Assigned task: I need the lines from the one containing "-韩盛·盛江山自助料理(奥体万达店)" through the last line of the entries retyped exactly, with no pictures among them.

Information given:
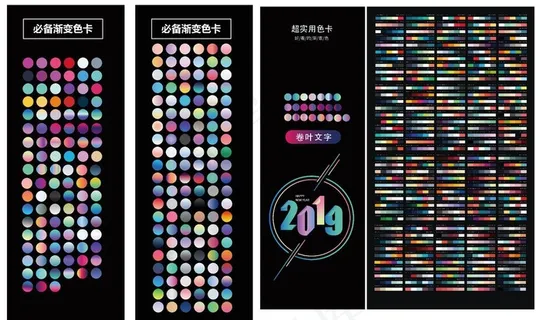 AI渐变色卡图片 AI渐变色卡图片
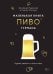 Обложка книги «Маленькая книга гурмана. Пиво» — Руджиери Джованни;Фонтана Пьетро, ISBN 9785389293663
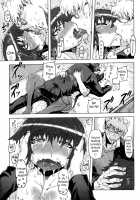 Sperm-star / スペルマスター [Drill Jill] [Original] Thumbnail Page 18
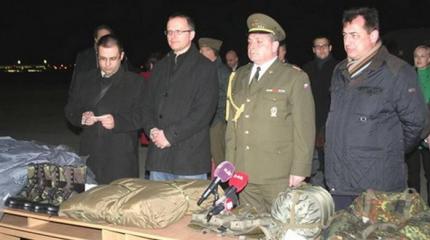 Чехия направила военное снаряжение для украинской армии Чехия направила военное снаряжение для украинской армии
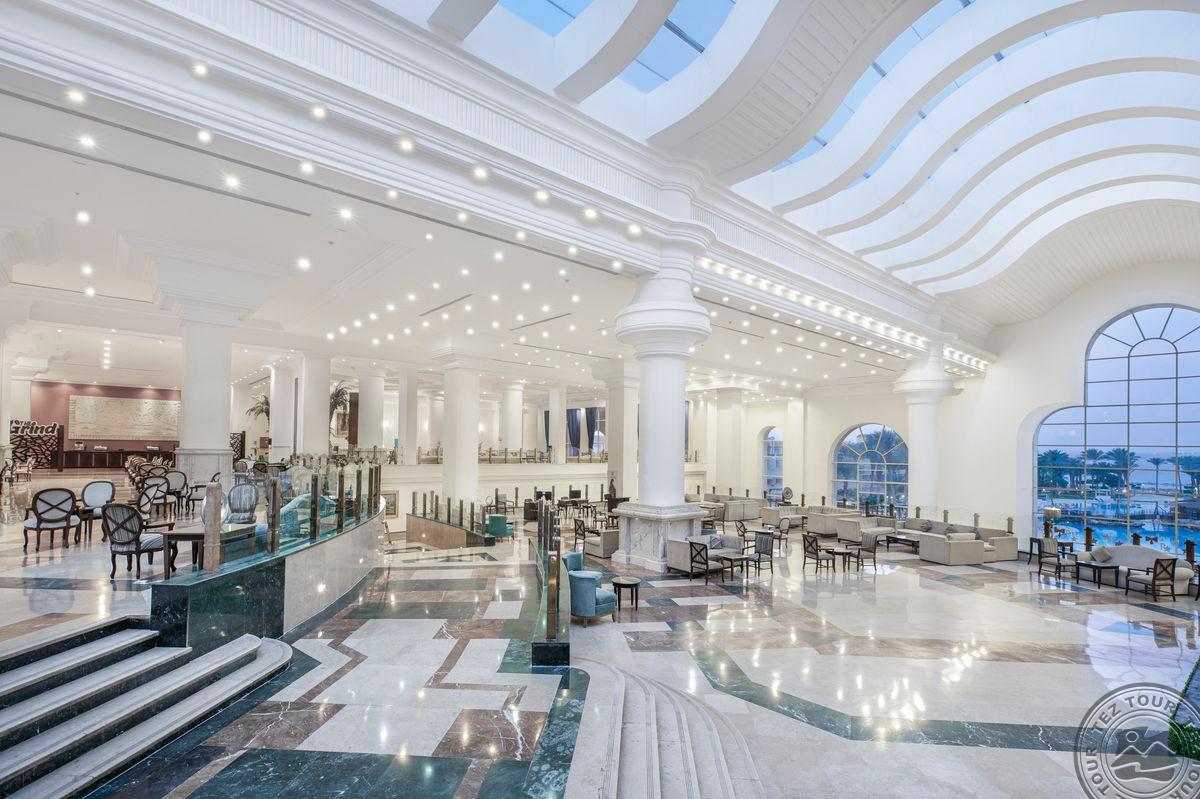 PYRAMISA SAHL HASHEESH BEACH RESORT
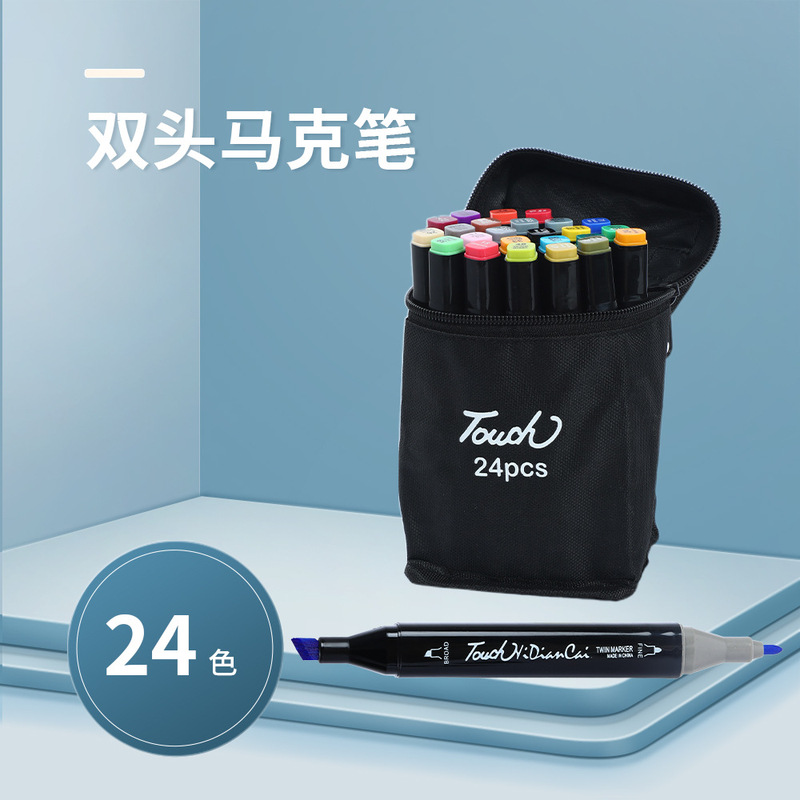 双头马克笔套装酒精油性笔学生绘画 画笔硬头美术动漫专用|undefined
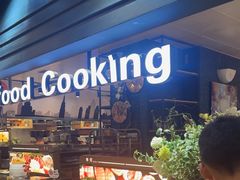 -韩盛·盛江山自助料理(奥体万达店)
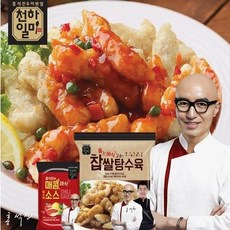 천하일미 홍석천 이원일 찹쌀탕수육 300g 3팩+매콤소스3팩, 단품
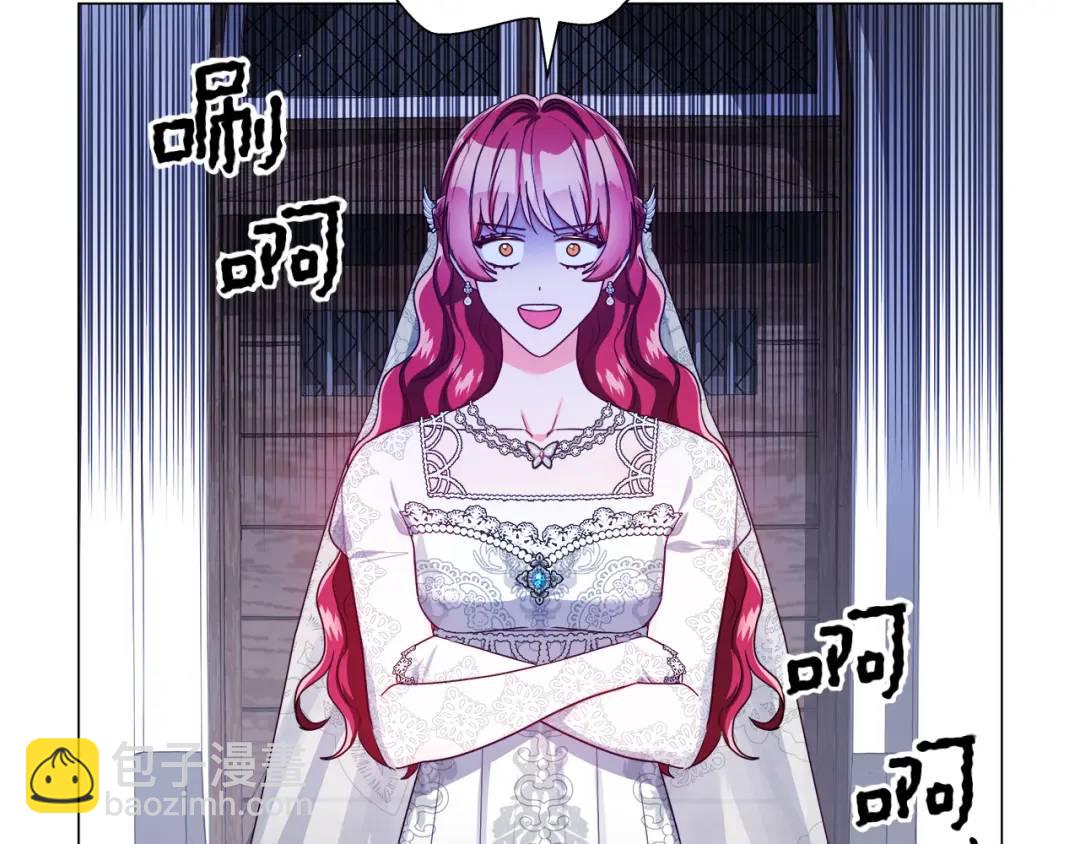 《哥哥们只会心疼我》第70话继位仪式 第47页
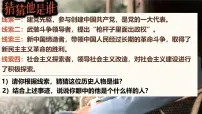 初中政治 (道德与法治)人教版（2024）七年级下册（2024）人要自强课前预习课件ppt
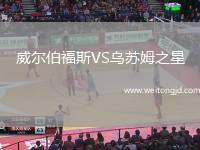 威爾伯福斯VS烏蘇姆之星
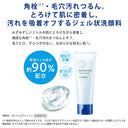 トランシーノ 薬用 クリア ジェル ウォッシュ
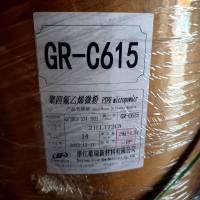 PTFE  CR-C615(粉) ZHEJAING GREEN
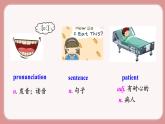 人教版九年级英语上册Unit 1  How can we become good learners（6个课时打包+课件+素材）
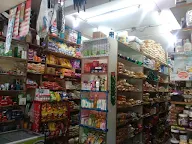 Saravana Supermarket photo 1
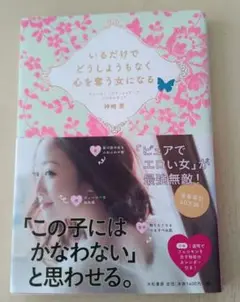 いるだけでどうしようもなく心を奪う女になる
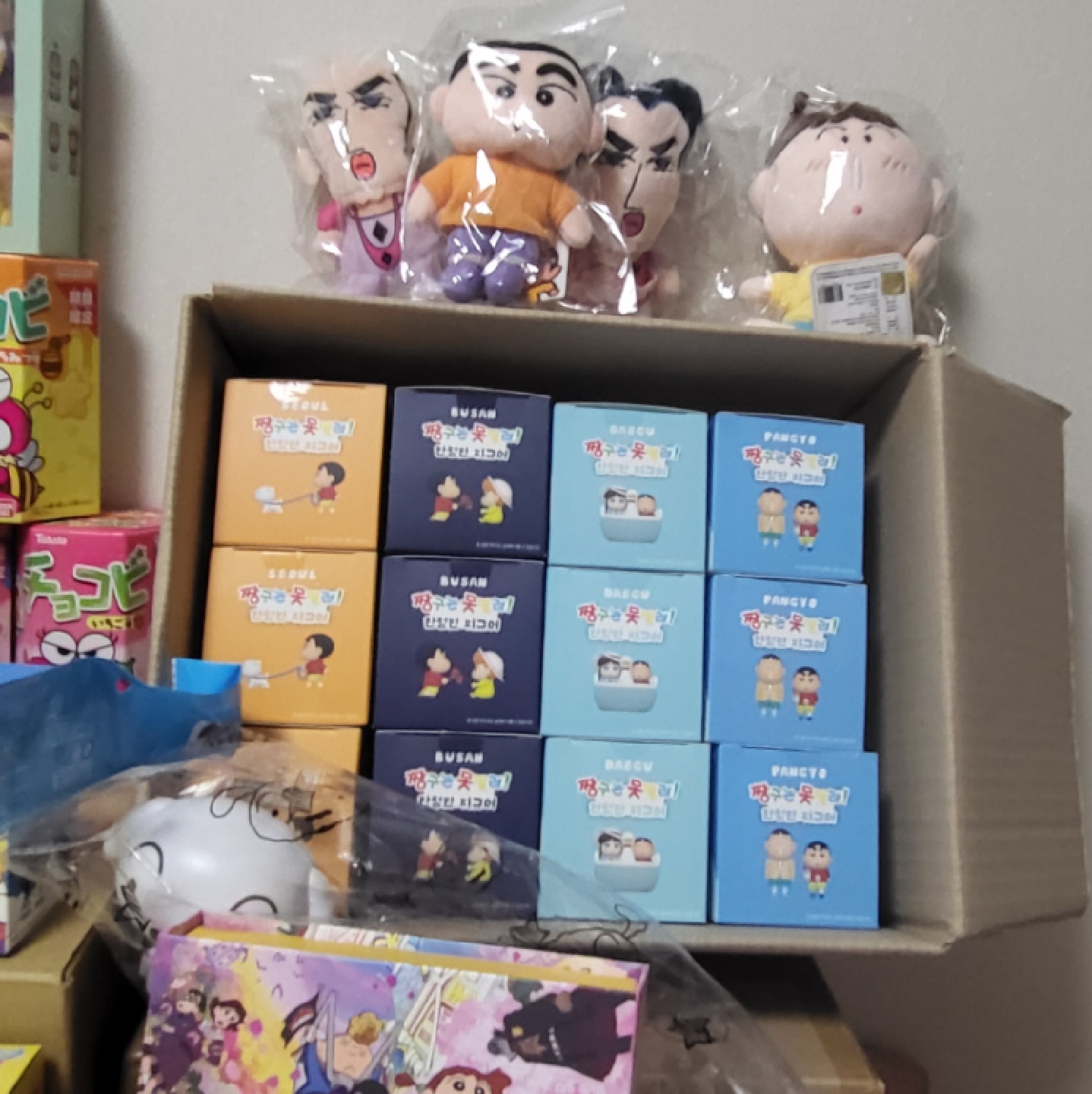 23년 짱구 굿즈 정산..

Solution:
 -韩盛·盛江山自助料理(奥体万达店)
 천하일미 홍석천 이원일 찹쌀탕수육 300g 3팩+매콤소스3팩, 단품
 《哥哥们只会心疼我》第70话继位仪式 第47页
 初中政治 (道德与法治)人教版（2024）七年级下册（2024）人要自强课前预习课件ppt
 威爾伯福斯VS烏蘇姆之星
 トランシーノ 薬用 クリア ジェル ウォッシュ
 PTFE  CR-C615(粉) ZHEJAING GREEN
 人教版九年级英语上册Unit 1  How can we become good learners（6个课时打包+课件+素材）
 Saravana Supermarket photo 1
 いるだけでどうしようもなく心を奪う女になる
 23년 짱구 굿즈 정산..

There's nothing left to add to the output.